可以将原问题转化为类似于匹配的问题,只不过这种匹配并不是一对一的。具体地,将每个点 \(u\) 拆成两个点 \(u_\text{fa},u_\text{son}\),设源点为 \(s\)、汇点为 \(t\),则一条流 \(s\to u_\text{fa}\to v_\text{son}\to t\) 就代表 \(u\) 是 \(v\) 的父亲。
一个节点最多作为两个节点的父亲,因此 \(s\to u_\text{fa}\) 的容量为 \(2\)、代价为 \(0\)。一个节点最多作为一个节点的儿子,因此 \(u_\text{son}\to t\) 的容量为 \(1\)、代价为 \(0\)。对于每一对节点 \((u,v)\),若 \(u\) 可以作为 \(v\) 的父亲,则连接一条边 \(u_\text{fa}\to v_\text{son}\),容量为 \(1\)、代价为 \(\sqrt{(\Delta x)^2+(\Delta y)^2}\)。
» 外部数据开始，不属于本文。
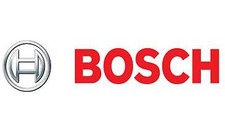 BOSCH 0986080400 Alternador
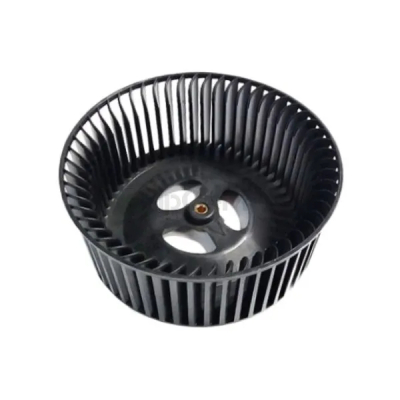 Крыльчатка 481951528279 для вытяжек Whirlpool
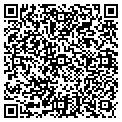 QR code with C J Beatty Automotive contacts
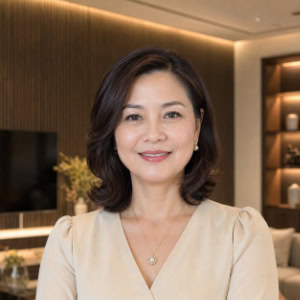 chi-thu-thuy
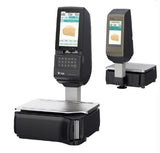DIGI Preisrechenwaage SM-6000 DP - 8/8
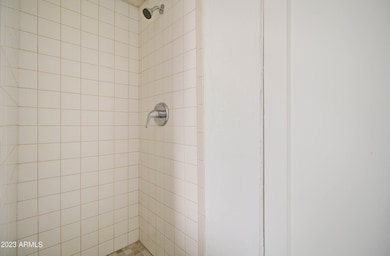 877 E Sycamore St unit B, Globe, AZ 85501 - photo 7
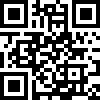 https://tazenews.com/x3sck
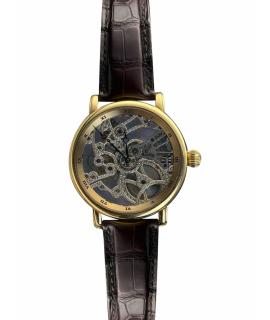 Ulysse Nardin Часы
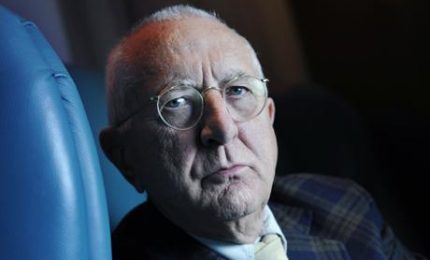 Incipit/ Il buon giorno con&hellip; Len Deighton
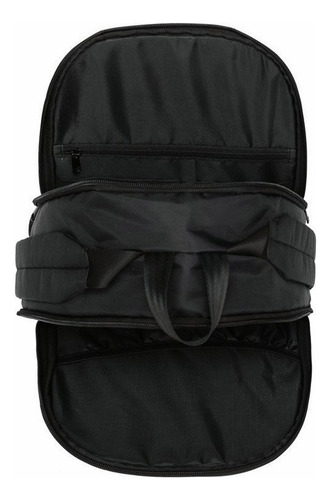Nueva Mochila Demon Slayer Mochilas Escolares De Doble Cara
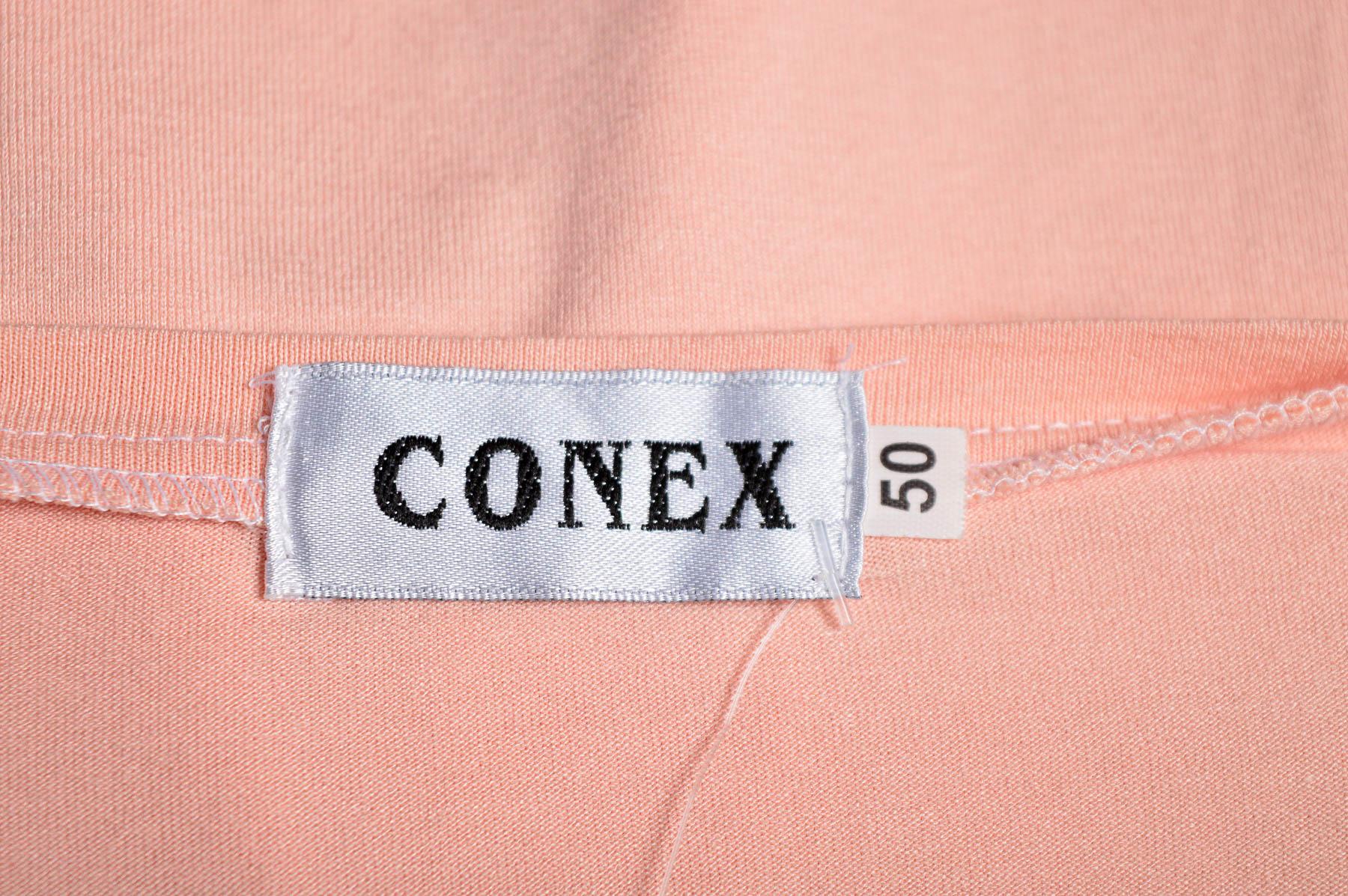 Tricou de damă - CONEX - 2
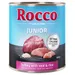 Rocco Junior 6 x 800g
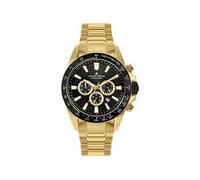 Montre Homme 12140I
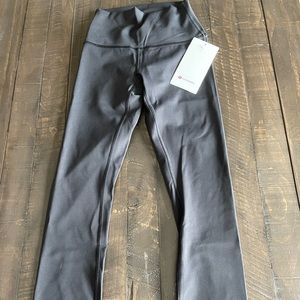 Lululemon Wunder Under HR Tight 25”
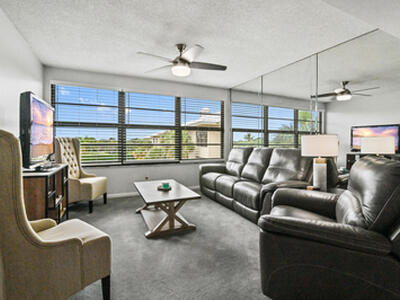 3507 Village Boulevard, West Palm Beach, FL 33409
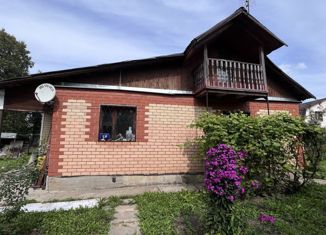 Дом на продажу, 66.9 м2, деревня Дмитровка, деревня Дмитровка, 11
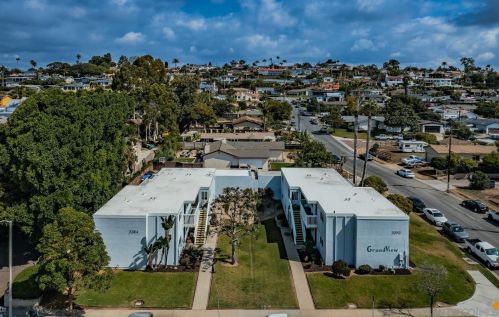 3384 Monroe St, Carlsbad, CA 92008-2046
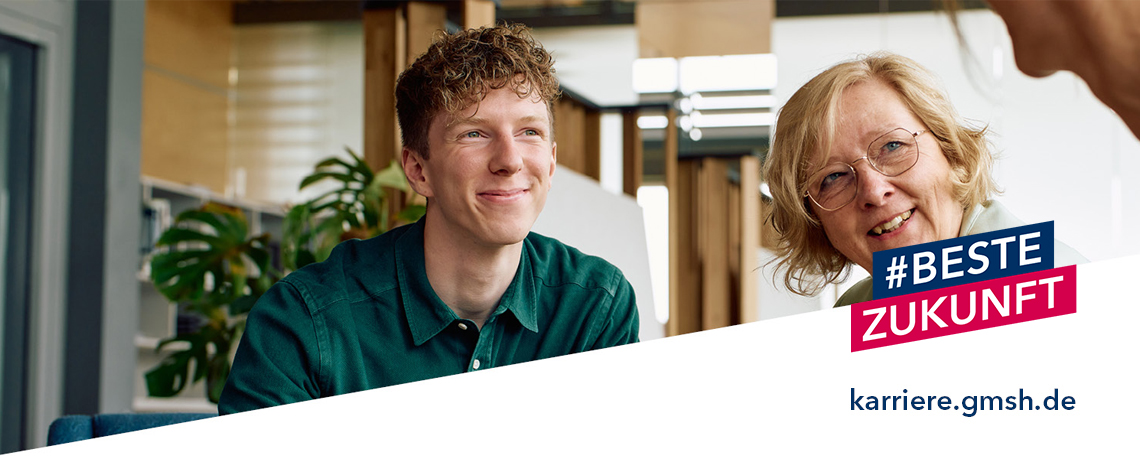 Headerbild der Anzeige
求出最大流 \(\text{MF}\) 和此时的最小费用 \(\text{MC}\)。根据上面的分析,可以构成一棵二叉树当且仅当 \(\text{MF}=n-1\),此时的 \(\text{MC}\) 就是最小权值和。
// Problem: CF277E Binary Tree on Plane
// Contest: Luogu
// URL: https://www.luogu.com.cn/problem/CF277E
// Memory Limit: 250 MB
// Time Limit: 3000 ms
//
// Powered by CP Editor (https://cpeditor.org)
//By: OIer rui_er
#include <bits/stdc++.h>
#define rep(x,y,z) for(ll x=(y);x<=(z);x++)
#define per(x,y,z) for(ll x=(y);x>=(z);x--)
#define debug(format...) fprintf(stderr, format)
#define fileIO(s) do{freopen(s".in","r",stdin);freopen(s".out","w",stdout);}while(false)
#define likely(exp) __builtin_expect(!!(exp), 1)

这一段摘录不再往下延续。